Makassar Mulia
Kota Makassar Komitmen Dalam Kreatifitas

Sidang Uang Palsu UIN

Habis Tampar, Annar Sampetoding Tendang Syahruna

Annar Salahuddin Sampetoding menendang Muhammad Syahruna saat menaiki mobil tahanan Kejaksaan Negeri (Kejari) Kabupaten Gowa, Sulawesi Selatan.

Editor: Muh Hasim Arfah
TRIBUN TIMUR/SAYYID ZULFADLI
ANNAR TENDANG SYAHRUNA-Terdakwa Annar Salahuddin Sampetoding (lingkaran merah) menendang, Muhammad Syahruna saat menaiki mobil tahanan Kejaksaan Negeri (Kejari) Kabupaten Gowa, Sulawesi Selatan (Sulsel), Rabu (23/7/2025). Annar juga pernah menampar Syahruna saat di rumah tahanan. 

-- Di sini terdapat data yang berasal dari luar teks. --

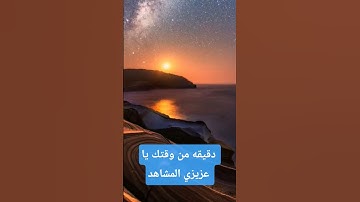 القران الكريم ♥️ اكتب شئ تؤجر عليه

TRIBUN-TIMUR.COM- Terdakwa uang palsu, Annar Sampetoding kembali berbuat ulang. 

Kini ia menendang Syahruna saat menaiki mobil tahanan Kejaksaan Negeri (Kejari) Kabupaten Gowa, Sulawesi Selatan (Sulsel), Rabu (23/7/2025)

Kejadian ini terjadi usai sidang peninjauan setempat (SP) di Mapolres Gowa, Jl Syamsuddin Tunru, Kecamatan Somba Opu, Kabupaten Gowa.

Tujuh tahanan dihadirkan sidang peninjauan setempat yakni Annar Salahuddin Sampetoding, Andi Ibrahim, Syahruna, Ambo Ala, John Biliater, Sukmawati dan Satariah.

Satu per satu terdakwa pakai borgol dan baju tahanan bergantian naik ke mobil.

Terlihat Annar sedang antre menaiki mobil tahanan pun tetiba menendang Syahruna dua kali.

Baca juga: Detik-detik Terdakwa Uang Palsu Annar Salahuddin Tendang Syahruna Depan Polres Gowa  

Syahruna tak bicara sama sekali. 

Petugas kepolisian dan Kejari Gowa langsung menghampiri Annar.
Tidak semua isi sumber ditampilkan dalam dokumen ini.